Namun, Zaenur pesimistis secara politik hal itu akan dilakukan karena sejak awal, pemerintah sudah ingin mengutak-atik aturan remisi kepada koruptor. Kementerian Hukum dan HAM telah empat kali melontarkan keinginan untuk merevisi PP No 99/2012 melalui RUU Pemasyarakatan. Menkumham juga pernah mengeluarkan Surat Edaran (SE) Menkumham M.HH-04.PK.01.05.06 Tahun 2013 yang pada intinya memberikan kemudahan bagi koruptor yang dipidana sebelum berlakunya PP No 99/2012.
”Remisi bukanlah hak asasi manusia. Remisi adalah sarana untuk melakukan pendidikan kepada warga binaan. Kejahatan yang serius seperti korupsi kalau diberlakukan syarat berbeda itu adalah hal yang wajar, bukan diskriminatif,” kata Zaenur.
Remisi bukanlah hak asasi manusia. Remisi adalah sarana untuk melakukan pendidikan kepada warga binaan.
Zaenur berharap, jika tidak dikoreksi melalui RUU Pemasyarakatan, putusan MA ini menjadi kemenangan besar bagi para koruptor. Sebab, dengan putusan itu, kini koruptor semakin singkat menjalani pidananya. Tren tuntutan masih rendah, berdasarkan catatan ICW rata-rata tuntutan hanya 4 tahun 1 bulan. Adapun, tren putusan koruptor juga masih rendah, yaitu 3 tahun 1 bulan. Ini masih dikurangi lagi dengan hak-hak terpidana lain seperti remisi, pembebasan bersyarat, dan cuti menjelang bebas. Ini semakin menghapus efek jera hukuman bagi pelaku tindak pidana korupsi.
”Dalam putusan hak uji materi kemarin, MA keliru menerapkan konsep keadilan restoratif. Syarat pemberian remisi diperketat untuk koruptor itu punya tujuan, yaitu untuk menciptakan efek jera. MA memaknai restorative justice dengan serampangan tanpa ada tujuan dan filosofi yang memperkuat pemberantasan korupsi,” kata Zaenur.

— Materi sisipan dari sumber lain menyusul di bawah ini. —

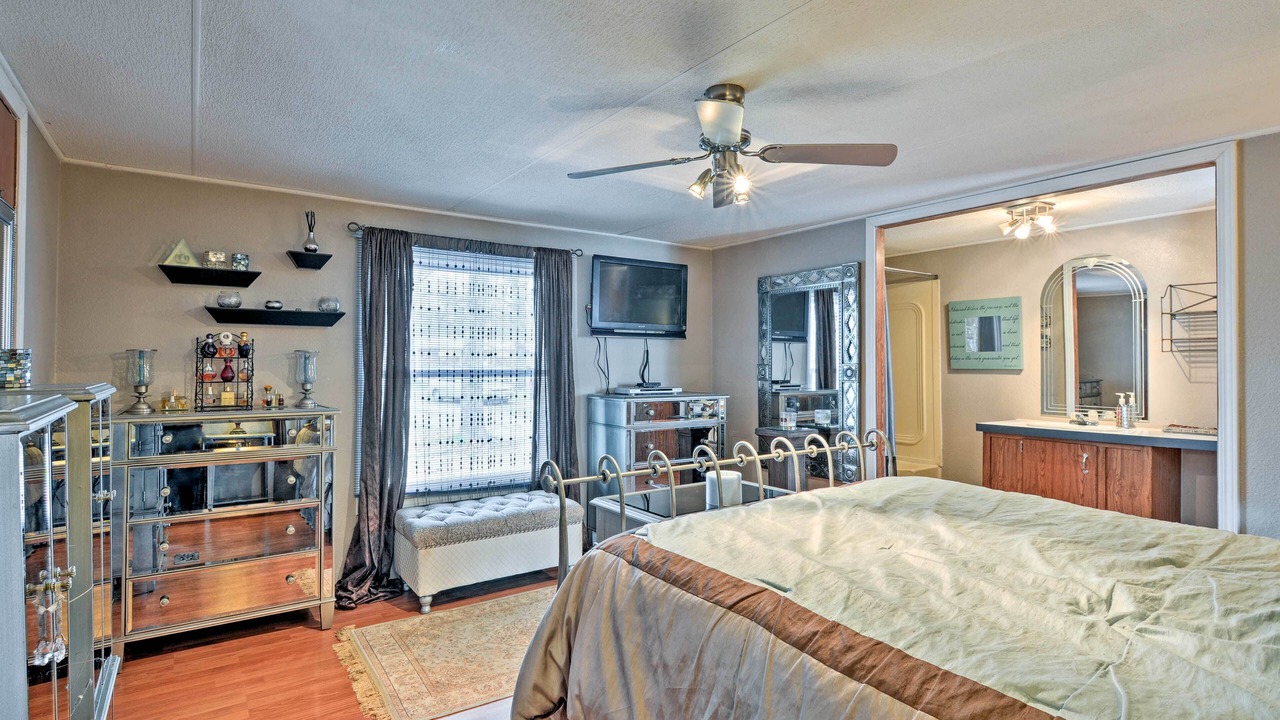 Photo of Bedroom in Grove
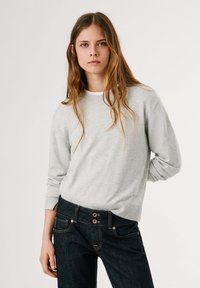 Пуловер Пуловер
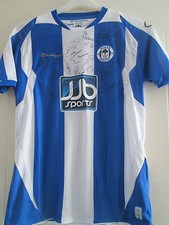 Wigan Athletic 2008-2009 Squad Signed Home Football Shirt COA  /39444
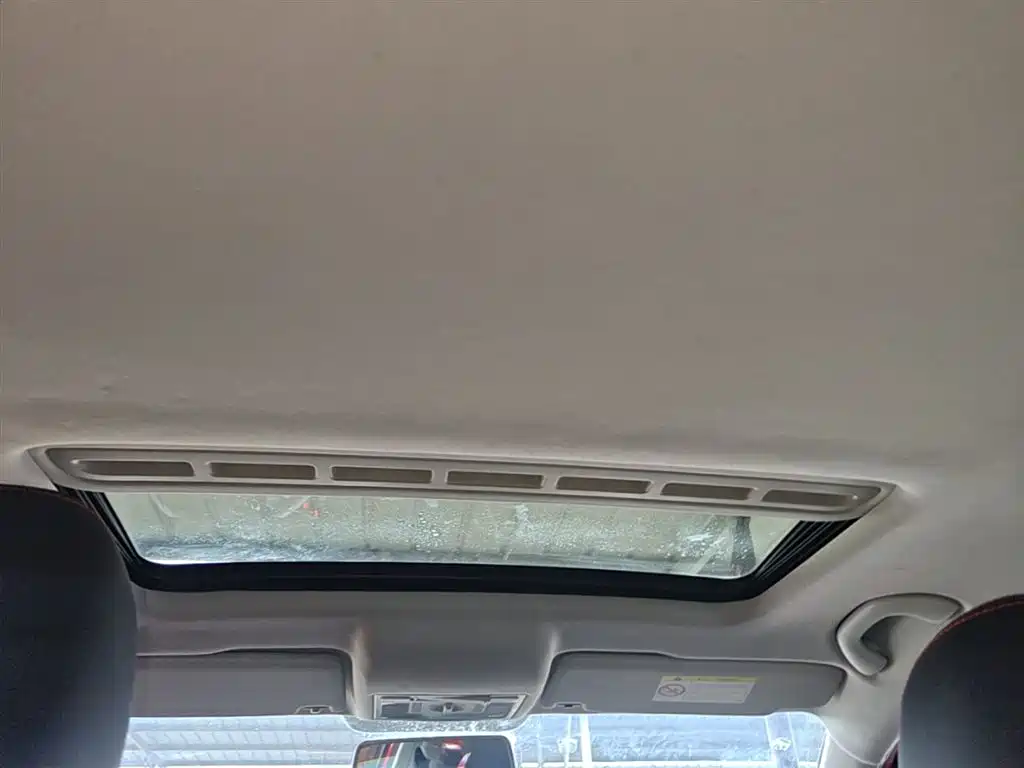 Škoda Skoda Rapid Spaceback 2016 1.6L Automatic Smart Edition фото 18
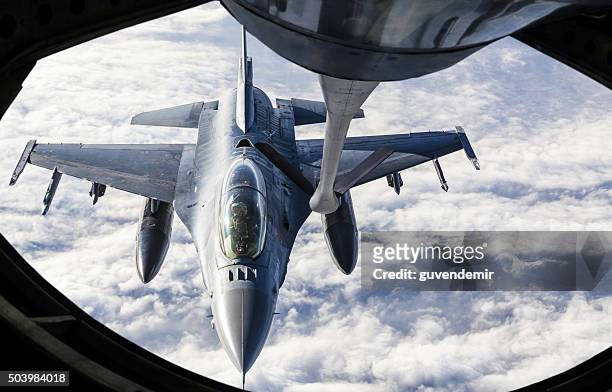 fighter jet refueling - us air force stock pictures, royalty-free photos & images
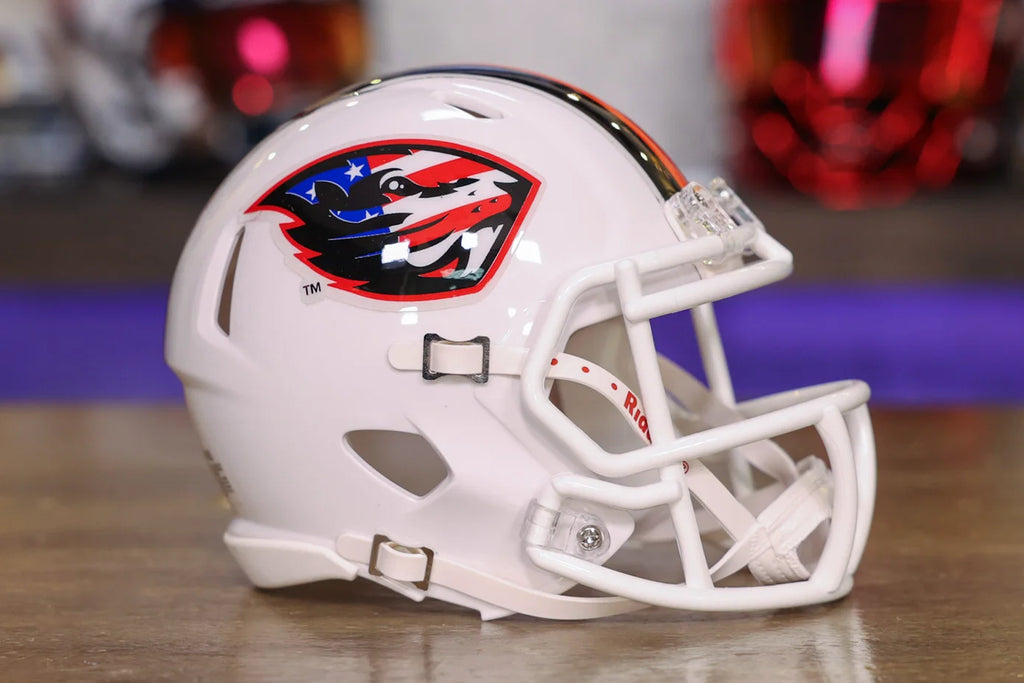 beaver local retro football helmet Creative Sports Oregon State Beavers White Riddell Speed Mini : Sports Related Collectible Full Sized Helmets : Sports & Outdoors The most popular collectible in history is now available in the Speed Helmet design Beaver Local Touchdown Club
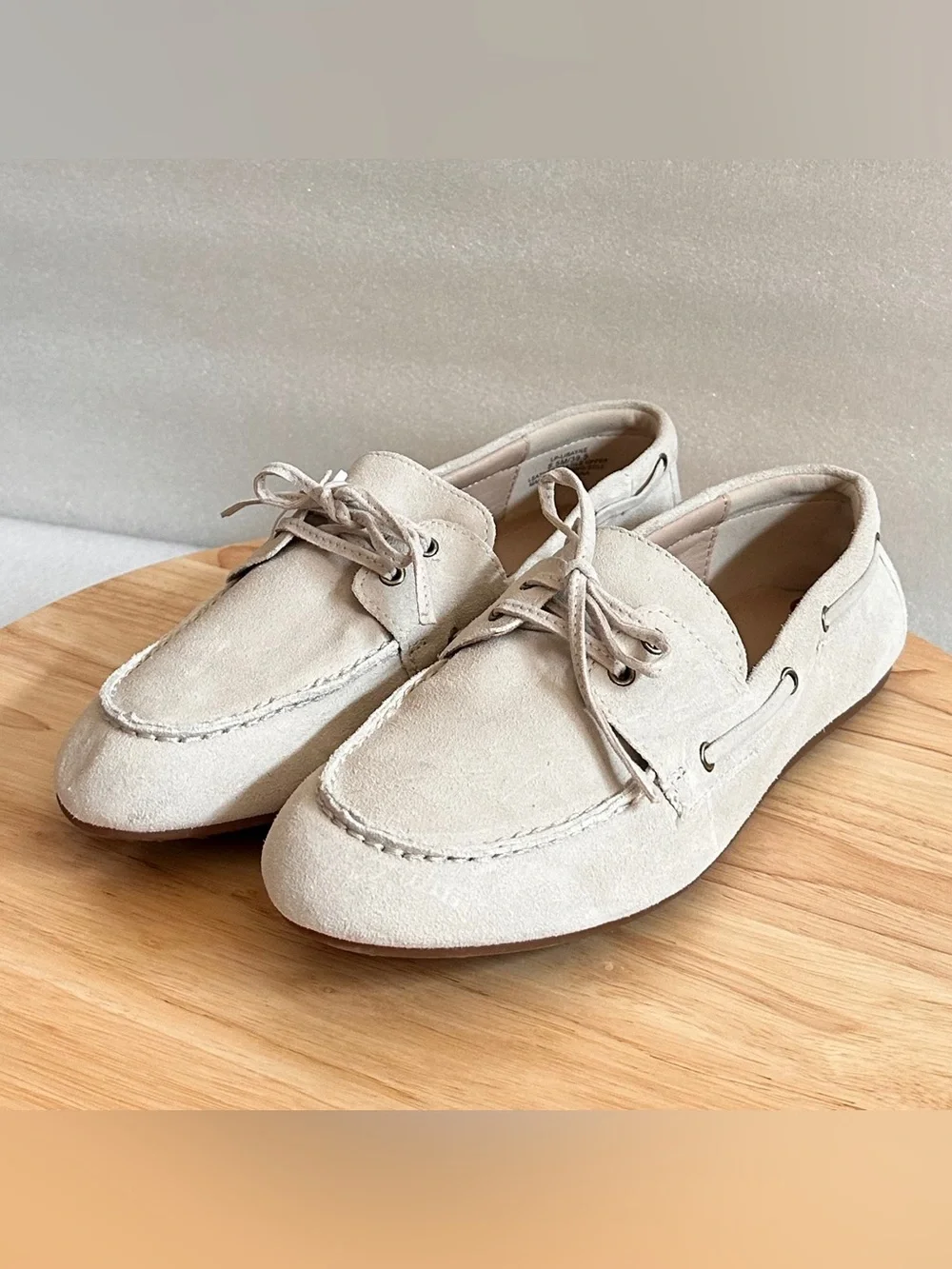 NWOT. Lucky Brand Men’s Light Cream Leather Suede Boat Shoes Size 8.5M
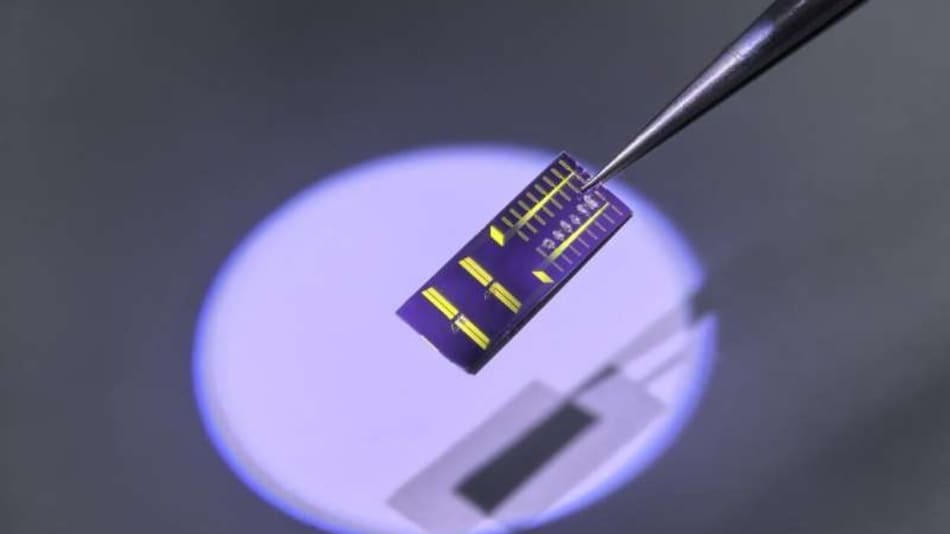 Physicists Push Superconducting Diodes to Higher Temperatures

Wakil Menkumham pada periode 2011-2014, Denny Indrayana, mengatakan, terbitnya PP No 99/2012 adalah politik hukum negara pada saat itu yang ingin lebih menegaskan perang melawan kejahatan luar biasa. Modus utak-atik, dan pembatalan PP No 99/2012 sudah berkali-kali dilakukan. Namun, sebelumnya, hal itu bisa dibatalkan karena masih ada sosok hakim berintegritas di MA seperti Artidjo Alkostar. Dukungan dari publik terhadap KPK juga masih kuat sehingga aturan itu gagal dibatalkan.
”Saya menduga ada kepentingan yang ikut bermain agar permohonan pembatalan PP No 99/2012 ini sehingga dapat dikabulkan oleh MA. Ini semakin menegaskan bahwa politik hukum antikorupsi telah mundur sejak awal reformasi hingga saat ini setelah kebijakan pengetatan remisi dibatalkan,” kata Denny.
Lumpuhnya KPK sebagai lembaga antirasuah yang independen, tes wawasan kebangsaan yang menyingkirkan pegawai KPK berintegritas, dan pembatalan PP No 99/2012 menunjukkan bahwa upaya pemberantasan korupsi telah mundur, lebih permisif, dan mengkhianati semangat reformasi.